EXERCISE » Start to finish, return the listing below exactly, pictures excluded.

RAW DATA »
==============================
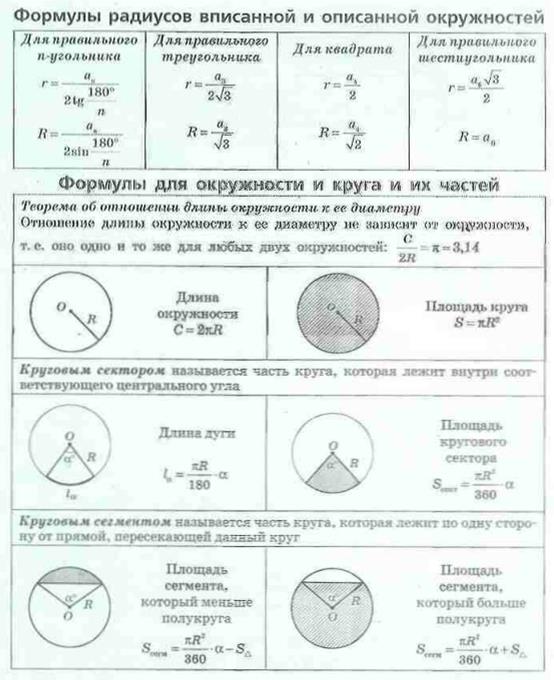 Формула окружности геометрия 9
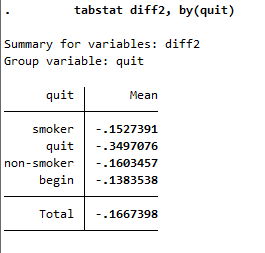 ../_images/smoke_vs_health.png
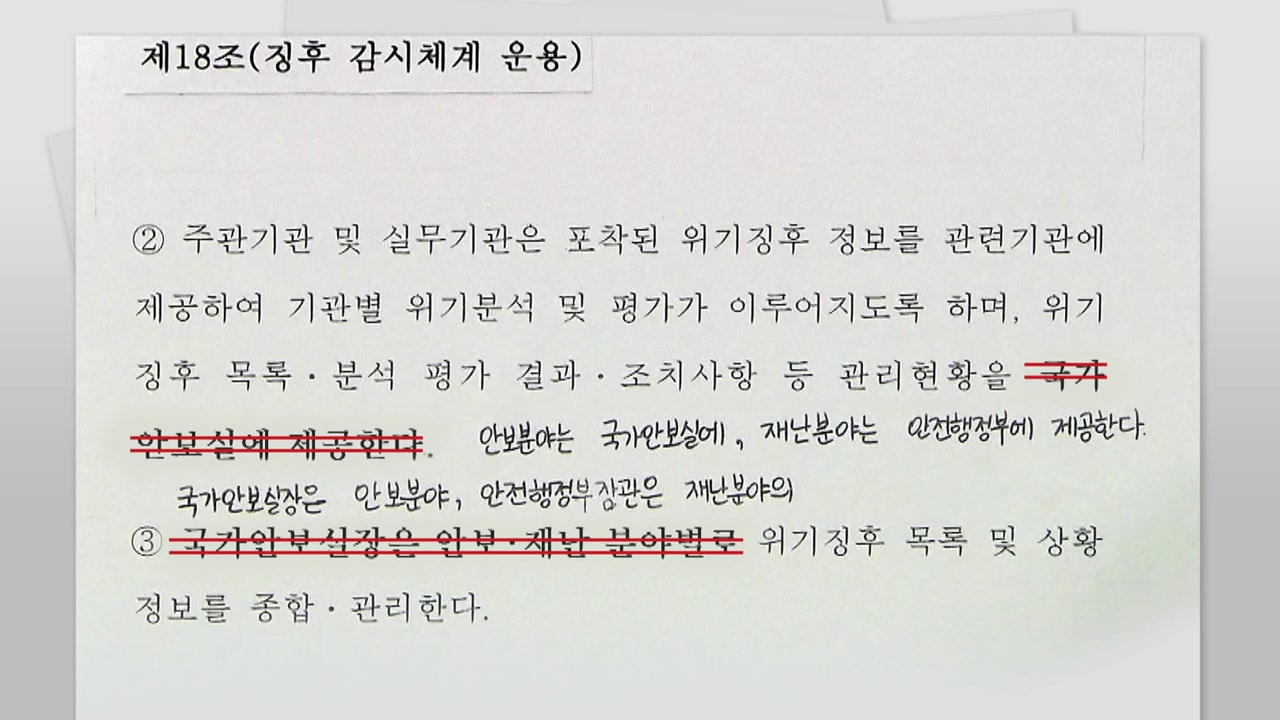 "김관진 지시로 국가 위기관리 지침도 불법 변경"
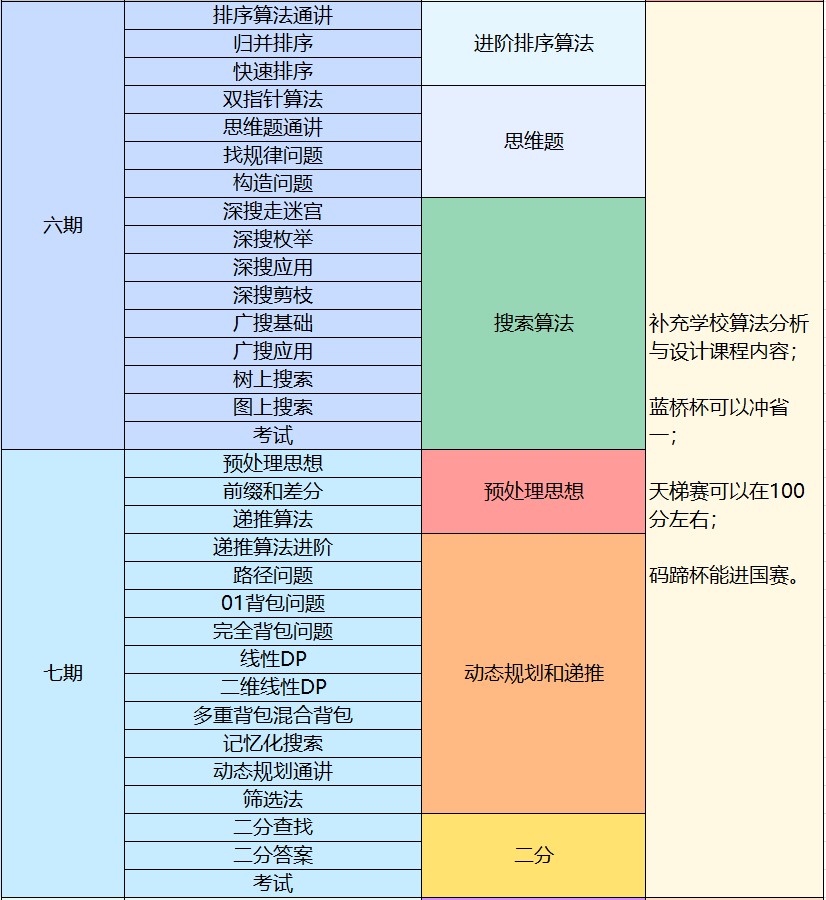 体系4.jpg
==============================
OUTPUT BELOW »
 Формула окружности геометрия 9
 ../_images/smoke_vs_health.png
 "김관진 지시로 국가 위기관리 지침도 불법 변경"
 体系4.jpg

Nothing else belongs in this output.